• _Work to complete_
With the pictures left aside, write out exactly the lines of the listing below from the line with "Habrá temperaturas de" to the line with "Main view of", both included, and only those.

• _Extracted entries_
──────────

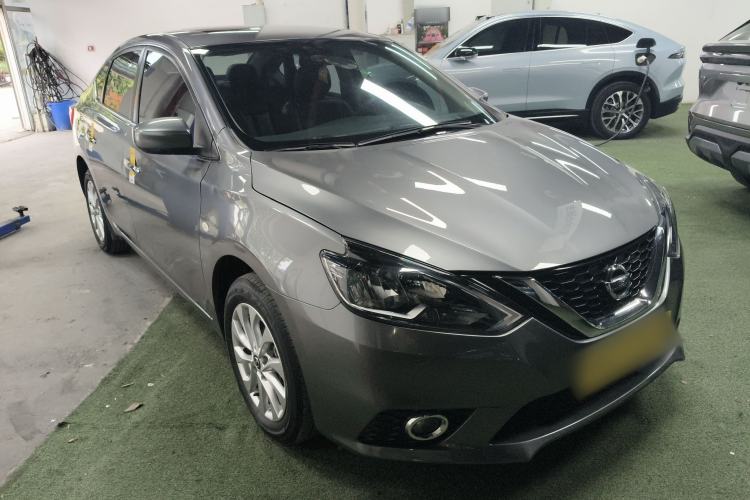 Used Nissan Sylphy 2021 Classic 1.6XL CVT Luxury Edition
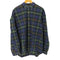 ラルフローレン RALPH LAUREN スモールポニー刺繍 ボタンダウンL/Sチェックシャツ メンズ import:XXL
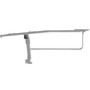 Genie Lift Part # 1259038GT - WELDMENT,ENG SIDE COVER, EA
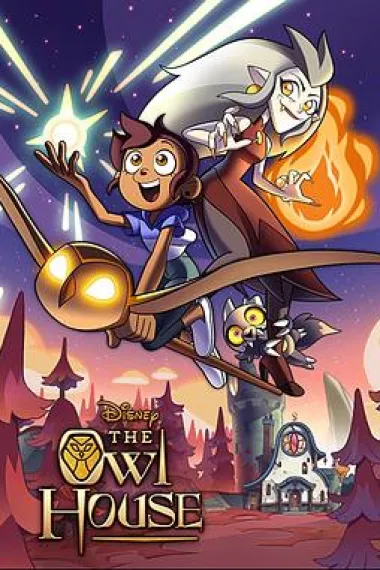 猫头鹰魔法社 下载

──────────

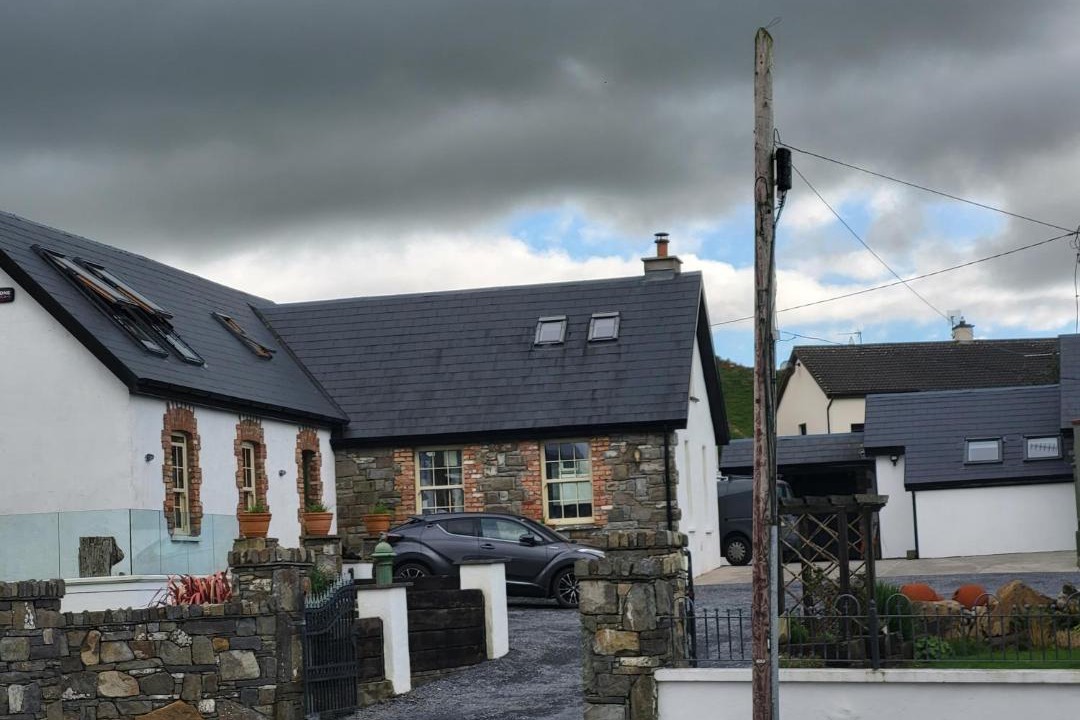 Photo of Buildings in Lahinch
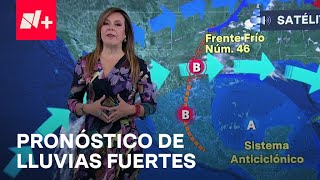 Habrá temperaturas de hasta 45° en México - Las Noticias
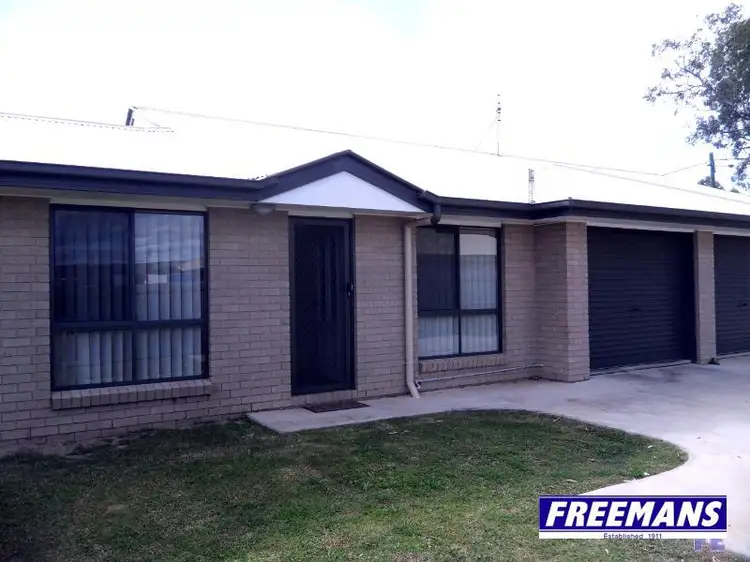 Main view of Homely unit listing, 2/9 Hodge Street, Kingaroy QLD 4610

──────────

• _Solution_
 Habrá temperaturas de hasta 45° en México - Las Noticias
 Main view of Homely unit listing, 2/9 Hodge Street, Kingaroy QLD 4610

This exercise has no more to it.